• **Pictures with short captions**
======

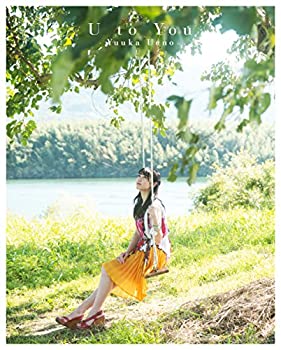 【中古】 U to You 初回限定盤A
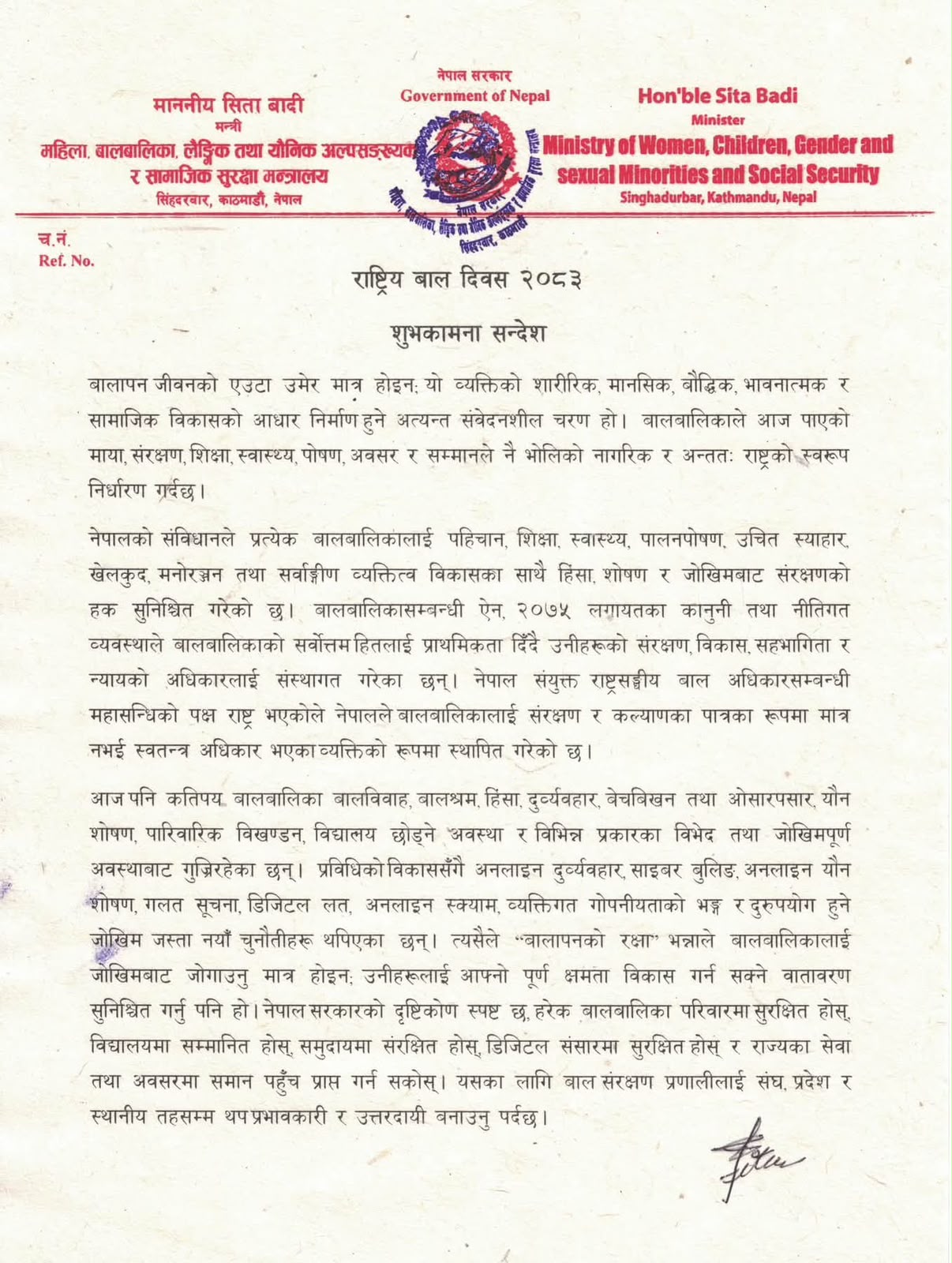 Baaldiwash (4).jpeg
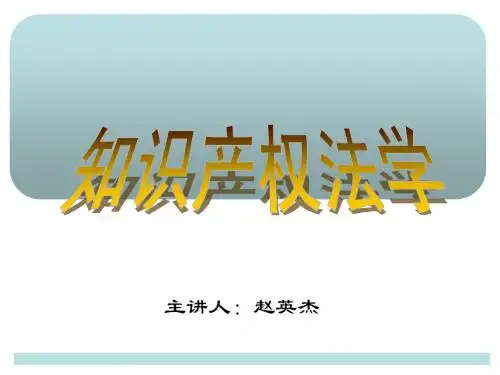 新知识产权课件一二章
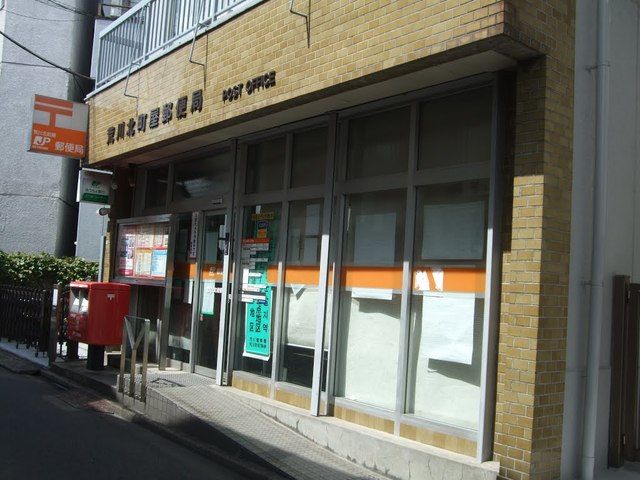 郵便局　荒川北町屋郵便局（郵便局）まで150m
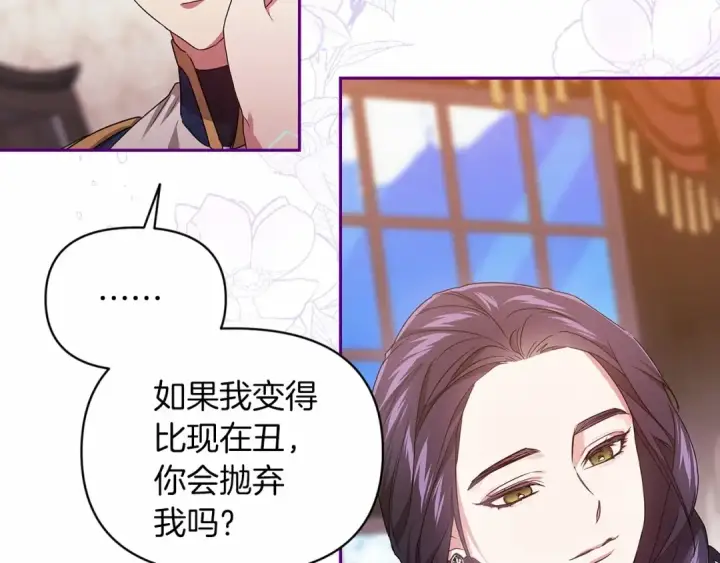 《这个婚反正也要完蛋》第30话 只喜欢你图158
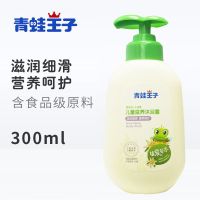 洗发沐浴露无硅油婴儿童洗澡用品儿洗发水宝宝沐浴露 300ml滋养沐浴露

======

• **What to produce**
Using the records above, output an exact copy without any pictures.

• **Answer box**
 【中古】 U to You 初回限定盤A
 Baaldiwash (4).jpeg
 新知识产权课件一二章
 郵便局　荒川北町屋郵便局（郵便局）まで150m
 《这个婚反正也要完蛋》第30话 只喜欢你图158
 洗发沐浴露无硅油婴儿童洗澡用品儿洗发水宝宝沐浴露 300ml滋养沐浴露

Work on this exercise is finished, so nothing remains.